Anastasia Santoreneos
CANN RIVER, AUSTRALIA - JANUARY 06: A tired firefighter rests outside a cafe on January 06, 2020 in Cann River, Australia. Milder weather conditions have provided some relief for firefighters in Victoria as bushfires continue to burn across the East Gippsland area, as clean up operation and evacuations continue. Two people have been confirmed dead and four remain missing. More than 923,000 hectares have been burnt across Victoria, with hundreds of homes and properties destroyed. 14 people have died in the fires in NSW, Victoria and South Australia since New Year's Eve.
Are volunteer firefighters really being compensated?
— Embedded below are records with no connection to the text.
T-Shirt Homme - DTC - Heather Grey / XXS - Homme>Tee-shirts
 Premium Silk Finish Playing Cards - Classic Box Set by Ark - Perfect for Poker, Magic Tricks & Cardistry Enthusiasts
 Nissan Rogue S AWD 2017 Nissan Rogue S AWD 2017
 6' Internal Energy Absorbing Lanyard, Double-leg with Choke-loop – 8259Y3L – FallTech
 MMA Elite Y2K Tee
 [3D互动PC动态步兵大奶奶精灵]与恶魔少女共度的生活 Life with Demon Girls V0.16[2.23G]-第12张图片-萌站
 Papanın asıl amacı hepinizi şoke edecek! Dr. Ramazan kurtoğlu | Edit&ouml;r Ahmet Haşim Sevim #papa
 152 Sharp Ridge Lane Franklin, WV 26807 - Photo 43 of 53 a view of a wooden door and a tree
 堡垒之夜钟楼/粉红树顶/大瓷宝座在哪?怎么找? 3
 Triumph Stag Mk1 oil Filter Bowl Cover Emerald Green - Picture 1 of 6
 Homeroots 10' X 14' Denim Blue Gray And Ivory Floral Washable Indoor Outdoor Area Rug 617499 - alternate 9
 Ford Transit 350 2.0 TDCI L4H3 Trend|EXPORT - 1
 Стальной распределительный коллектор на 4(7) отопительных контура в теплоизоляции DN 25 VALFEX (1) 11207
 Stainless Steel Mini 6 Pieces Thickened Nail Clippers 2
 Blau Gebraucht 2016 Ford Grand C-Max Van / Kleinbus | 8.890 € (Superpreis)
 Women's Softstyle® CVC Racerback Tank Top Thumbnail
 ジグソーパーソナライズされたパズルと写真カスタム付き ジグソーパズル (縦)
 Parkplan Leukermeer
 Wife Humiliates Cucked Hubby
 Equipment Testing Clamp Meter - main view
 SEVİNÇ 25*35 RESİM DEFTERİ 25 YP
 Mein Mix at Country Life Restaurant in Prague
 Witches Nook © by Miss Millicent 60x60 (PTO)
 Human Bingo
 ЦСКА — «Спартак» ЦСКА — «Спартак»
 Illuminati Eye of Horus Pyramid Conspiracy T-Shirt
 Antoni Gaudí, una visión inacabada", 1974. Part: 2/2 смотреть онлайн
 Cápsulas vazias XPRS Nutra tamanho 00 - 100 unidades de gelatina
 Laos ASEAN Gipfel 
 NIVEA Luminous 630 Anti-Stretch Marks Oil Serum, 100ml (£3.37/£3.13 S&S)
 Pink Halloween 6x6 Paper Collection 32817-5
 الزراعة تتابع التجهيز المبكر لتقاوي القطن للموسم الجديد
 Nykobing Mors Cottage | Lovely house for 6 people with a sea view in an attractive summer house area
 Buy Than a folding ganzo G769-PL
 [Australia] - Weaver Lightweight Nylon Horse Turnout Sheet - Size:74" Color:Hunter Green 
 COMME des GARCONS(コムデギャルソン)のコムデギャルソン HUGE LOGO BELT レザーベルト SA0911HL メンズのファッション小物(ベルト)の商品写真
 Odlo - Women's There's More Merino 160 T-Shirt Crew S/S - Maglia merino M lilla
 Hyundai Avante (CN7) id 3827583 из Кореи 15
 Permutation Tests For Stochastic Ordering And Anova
Source: Getty

In December, the federal government announced it would be compensating volunteer firefighters battling the bushfires in NSW to the tune of around $300 per day.

The payments would be available to Rural Fire Service NSW volunteers who are self-employed or work for small-to-medium businesses, and would be the equivalent of 20 days of emergency leave, capped at $6,000.

Payments are tax-free, and would be available before the end of January.

"This announcement provides employees of small and medium sized businesses and self employed volunteers with the same level of support,” prime minister Scott Morrison said at the time.

“We expect larger companies to provide their employees with 20 days of emergency services leave.”

How has the compensation scheme actually played out?

While the scheme sounds generous, the payments are, in reality, tougher to access.

According to the government’s statement, volunteer fireys who have been called out for more than 10 days this fire season will be able to apply for the payments.

But, volunteer firefighters cannot claim for those initial 10 days - compensation begins from day 11.

On top of that, the payment is “up to $300”, but in practice, volunteers must claim their normal working day wage - after tax, an analysis by the Fassifern Guardian has revealed.

Volunteers must also prove they genuinely “lost” income, which means if they work part-time, or haven’t received an income as a farmer due to drought, then they cannot claim compensation for the days spent fighting fires.

Furthermore, if a volunteer’s normal working day is between 8am and 5pm, and they only fight fires between 3pm and 10pm, then they can actually only claim two hours’ worth of lost income.